Upon accessing the site 2Captcha.com, the viewer is greeted with the image below, asking whether the visitor wants to 1) work for 2Captcha or 2) purchase 2Captcha as a service.

image5

Option 1 – Work for 2Captcha

To work for 2Captcha, simply register for an account, providing an email address and PayPal account for payment deposits. During a test, an account was validated within minutes.

New workers must take a one-time training course that teaches them how to quickly solve CAPTCHAs. It also provides tips such as when case does and doesn’t matter. After completing the training with sufficient accuracy, the worker can start earning money.

image4

After selecting “Start Work,” the worker is taken to the workspace screen, which is depicted above.

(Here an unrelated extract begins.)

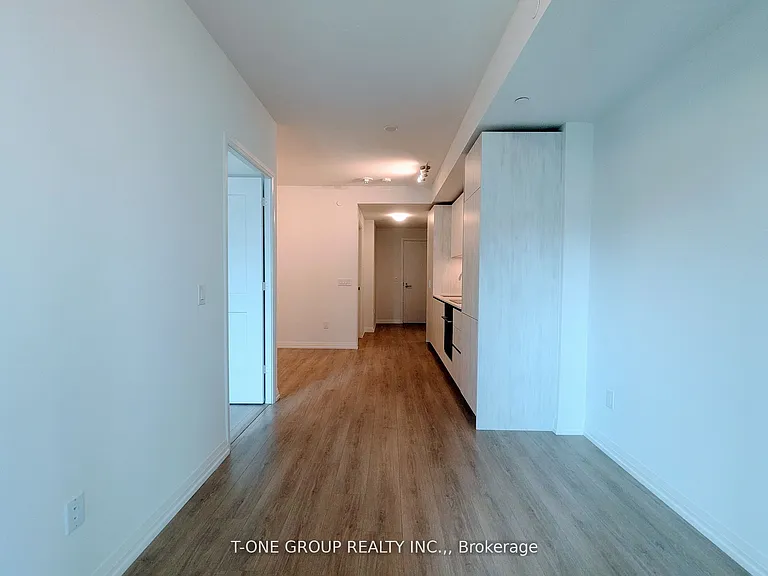 28 Widmer St #3722 — Photo 6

The worker is then provided a CAPTCHA and prompted to submit a solution. Once solved correctly, money is deposited into an electronic “purse,” and the worker can request payout whenever they choose. There is seemingly no end to the number of CAPTCHAs that appear in the workspace, indicating a steady demand for the service.

2captcha_gif

2Captcha workers are incentivized to submit correct solutions much like an Uber driver is incentivized to provide excellent service—customer ratings. 2Captcha customers rate the accuracy of the CAPTCHA solutions they received. If a 2Captcha worker’s rating falls below a certain threshold, she will be kicked off the platform. Conversely, workers with the highest ratings will be rewarded during times of low demand by receiving priority in CAPTCHA distribution.

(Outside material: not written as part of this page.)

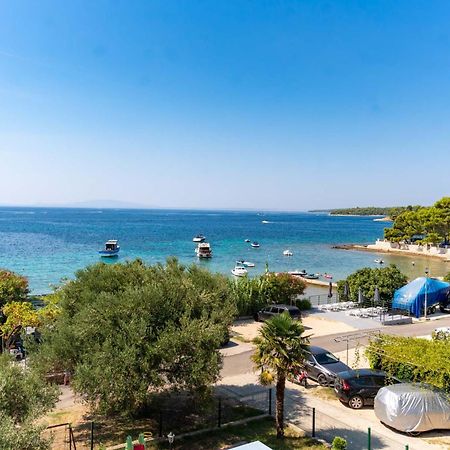 Apartman Petra S Pogledom Na More Banjol المظهر الخارجي الصورة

Option 2 – 2Captcha as a service

To use 2Captcha as a service, a customer (i.e., an attacker) integrates the 2Captcha API into her attack to create a digital supply chain, automatically feeding CAPTCHA puzzles from the target site and receiving solutions to input into the target site.

2Captcha helpfully provides example scripts to generate API calls in different programming languages, including C#, JavaScript, PHP, Python, and more. The example code written in Python has been reproduced below:

image2

Integrating 2CAPTCHA into an Automated Attack

How would an attacker use 2Captcha in a credential stuffing attack? The diagram below shows how the different entities interact in a CAPTCHA bypass process:

image3

Technical Process:

  1. Attacker requests the CAPTCHA iframe source and URL used to embed the CAPTCHA image from the target site and saves it locally
  2. Attacker requests API token from 2Captcha website
  3. Attacker sends the CAPTCHA to the 2Captcha service using HTTP POST and receives a Captcha ID, which is a numerical ID attributed with the CAPTCHA image that was submitted to 2Captcha. The ID is used in step 5 for an API GET request to 2Captcha to retrieve the solved CAPTCHA.
  4. 2Captcha assigns the CAPTCHA to a worker who then solves it and submits the solution to 2Captcha.
  5. Attacker programs script to ping 2Captcha using CAPTCHA ID (every 5 seconds until solved). 2Captcha then sends the solved CAPTCHA. If the solution is still being solved, the attacker receives a post from 2Captcha indicating “CAPTCHA_NOT_READY” and the program tries again 5 seconds later.
  6. Attacker sends a login request to the target site with the fields filled out (i.e. a set of credentials from a stolen list) along with the CAPTCHA solution.
  7. Attacker iterates over this process with each CAPTCHA image.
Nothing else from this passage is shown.